„Bitte senden Sie uns Ihre vollständigen Bewerbungsunterlagen unter Nennung des frühestmöglichen Eintrittstermins und Ihrer Gehaltsvorstellungen an…“ – So, oder so ähnlich, enden die meisten Stellenausschreibungen. Aber wissen Sie eigentlich, wie viel Gehalt Sie verlangen sollten und wie Sie die Gehaltsvorstellung formulieren?

© macgyverhh - Fotolia.comGerade für Absolventen und Berufsanfänger gehört es zu einer der schwierigsten Aufgaben, den richtigen Gehaltswunsch zu formulieren. Denn es geht schließlich nicht nur darum, was Sie gerne als Lohn bekommen würden, sondern auch, was branchenüblich ist und wie viel man mit dem entsprechenden Abschluss und der Berufserfahrung verlangen kann. Dazu kommen natürlich noch die Einschätzungen vom Unternehmen: Wer zu viel fordert, wird schnell aussortiert – wer sich hingegen weit unter Wert verkauft, macht den Eindruck, als hätte er sich nicht informiert oder würde einfach dringend einen x-beliebigen Job brauchen.

All diese Faktoren müssen berücksichtigt werden. Deswegen geben wir Ihnen heute ein paar Tipps, wie Sie diese Gratwanderung erfolgreich meistern.

Die Recherche

Zunächst sollten Sie feststellen, wie die branchenübliche Bezahlung für die jeweilige Position ist. Hier empfiehlt es sich, einen Blick in die kostenlosen online Gehaltsvergleichsportale zu werfen. Achten Sie – falls vorhanden – auch auf die regionalen Unterschiede und auf die demografischen Merkmale wie Abschluss, Geschlecht oder Alter.

So verdienen Berufseinsteiger mit Hochschulabschluss laut der Studie der Hans-Böckler-Stiftung im Gesamtdurchschnitt 3400 Euro brutto monatlich – promovierte Absolventen bekommen im Schnitt sogar 4220 Euro, der Magisterabschluss bringt hingegen nur 2620 Euro am Anfang.

Doch der Abschluss ist nur einer von vielen Faktoren: Hinzu kommt die Berufserfahrung, ob Personalverantwortung übernommen werden muss oder wie groß das Unternehmen ist, für das man arbeiten möchte. Eine Übersicht, was das Gehalt beeinflusst, finden Sie in der untenstehenden Info-Grafik von Gehalt.de.
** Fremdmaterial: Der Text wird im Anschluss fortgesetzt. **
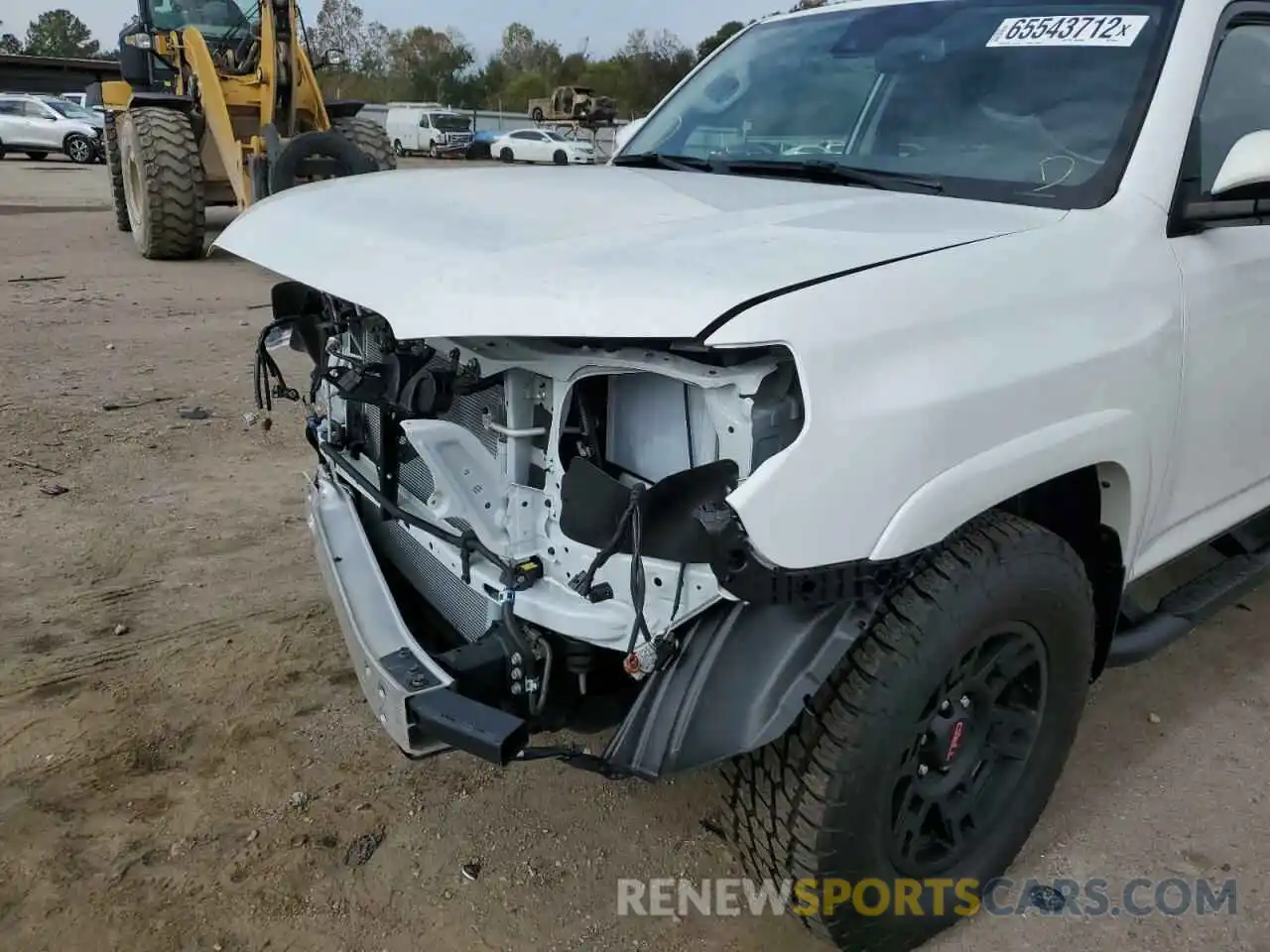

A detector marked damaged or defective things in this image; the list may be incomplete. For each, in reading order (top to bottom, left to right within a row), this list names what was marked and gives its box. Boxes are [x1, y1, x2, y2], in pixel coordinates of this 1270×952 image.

damaged hood [210, 166, 1064, 341]
crumpled front bumper [308, 468, 532, 766]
Formulierung des Gehaltswunsches

Wenn Sie sich entschieden und alle Faktoren gegeneinander abgewogen haben, gilt es die Gehaltsvorstellungen in der Bewerbung zu formulieren. Diese sollte in der Regel am Ende des Anschreibens stehen. Bei Bewerbungen per E-Mail können Sie sie aber auch zusammen mit dem frühestmöglichen Eintrittstermin in die Textnachricht schreiben.

Geben Sie dann immer das Brutto-Jahreseinkommen an und überlegen Sie, ob Sie einen fixen Betrag oder einen Rahmen nennen wollen.

Fester Betrag:

Meine Gehaltsvorstellung orientiert sich an dem Durchschnittsgehalt für „Stellenbezeichnung nennen“ und liegt bei XX TSD Euro brutto im Jahr.

Entsprechender Rahmen:

Meine Gehaltsvorstellungen liegen zwischen XX TSD und XX TSD Euro brutto im Jahr.
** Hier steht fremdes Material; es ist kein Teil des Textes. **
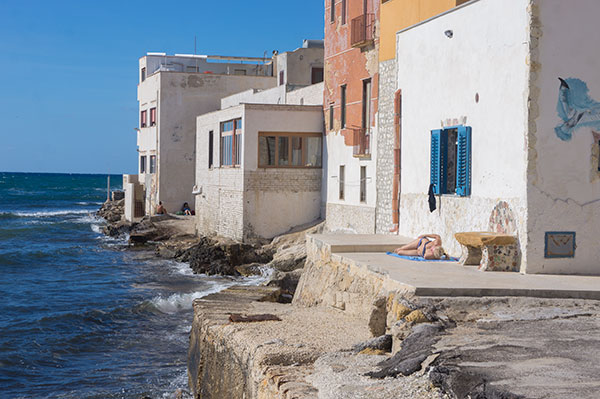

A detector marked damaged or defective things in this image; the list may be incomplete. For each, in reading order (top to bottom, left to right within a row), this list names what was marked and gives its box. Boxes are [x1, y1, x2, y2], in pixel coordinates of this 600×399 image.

peeling paint wall [396, 0, 532, 260]
peeling paint wall [528, 0, 600, 276]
Wenn Sie trotz eines festen Betrags Redebereitschaft signalisieren möchten, können Sie das Wort „Verhandlungsbasis“ hinter Ihre Vorstellungen setzen:

Meine Gehaltsvorstellung liegt bei XX TSD Euro brutto im Jahr Verhandlungsbasis.


Alles Weitere, beispielsweise, ob Sie bei weiteren Vergünstigungen (Urlaubs- und Weihnachtsgeld oder Firmenwagen) auch für weniger Geld arbeiten würden, können Sie im späteren Vorstellungsgespräch verhandeln, wenn der potenzielle Arbeitgeber das Gehalt thematisiert.